Do you see her paintings as every bit as important as her photographic work?
Maar studied painting right at the beginning of her artistic education at the Union centrale des arts décoratifs, before taking classes at the Académie Julian and the studio of André Lhote until the late 1920s. Painting really was her first love and from around 1939 this is where she is channelling most of her energy.
Maar creates still-life works which meditate on life during the Occupation before moving into the light gestural brushstrokes which would typify her landscape paintings. Her paintings were exhibited throughout the 1950s to critical acclaim, with reviewers commenting on the strength and sensitivity of her observation. It was important to show how prolific she was in the post-war decades and how this interest in gestural mark-making would eventually inform her late darkroom practise of the 1980s.
Is it unusual for a surrealist artist to also be so overtly political?
Artists and writers associated with surrealism were very active in left-wing politics, writing tracts and manifestos, attending marches and conferences. They wanted their work to have a genuine impact, to be an act of liberation from what they saw as an oppressive system. It was Maar’s political leanings that first introduced her to poet and founder of the surrealist movement in Paris, André Breton – in fact she signed the political tract he wrote with the filmmaker Louis Chavance – Contre Attaque or Call to the Struggle.
Do you think Maar has been an influence on subsequent female artists, or had a wider legacy?

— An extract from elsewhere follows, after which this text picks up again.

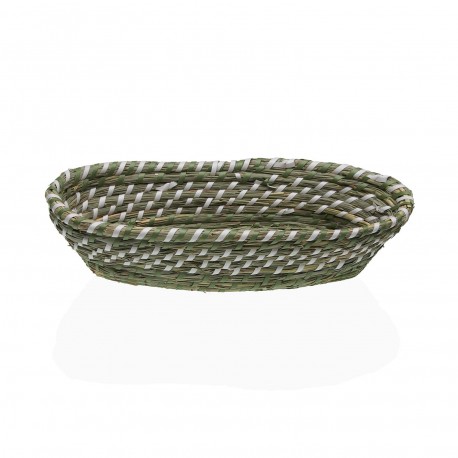 CESTA BLANCA Y VERDE 35 CM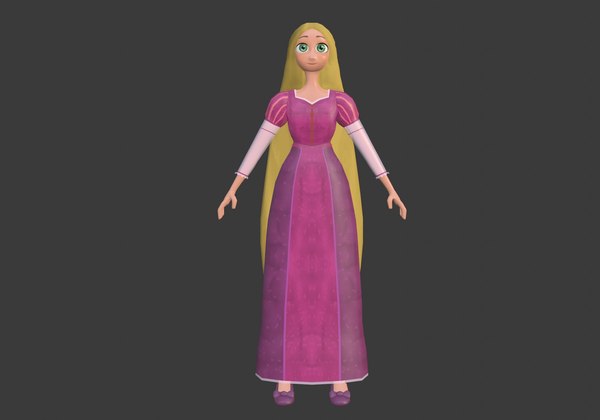 rapunzel princess low poly girl 3D model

It’s interesting to think about the significance of Maar’s work today. In the context of contemporary UK civic life, we can see her street photography in new light. Maar was working at a time where photographers and filmmakers were really exploring what it meant for the camera to bear witness, something that is still incredibly relevant today. So too, in my mind, are the questions around what it meant to be a woman photographer working in the commercial industry. Maar was part of a growing number of women in France who were taking advantage of the interwar boom in advertising photography and the illustrated press. However, this was also coupled with an industry keen to capitalise on women’s bodies through all manner of products.
Where can we see her influence in today’s creative world?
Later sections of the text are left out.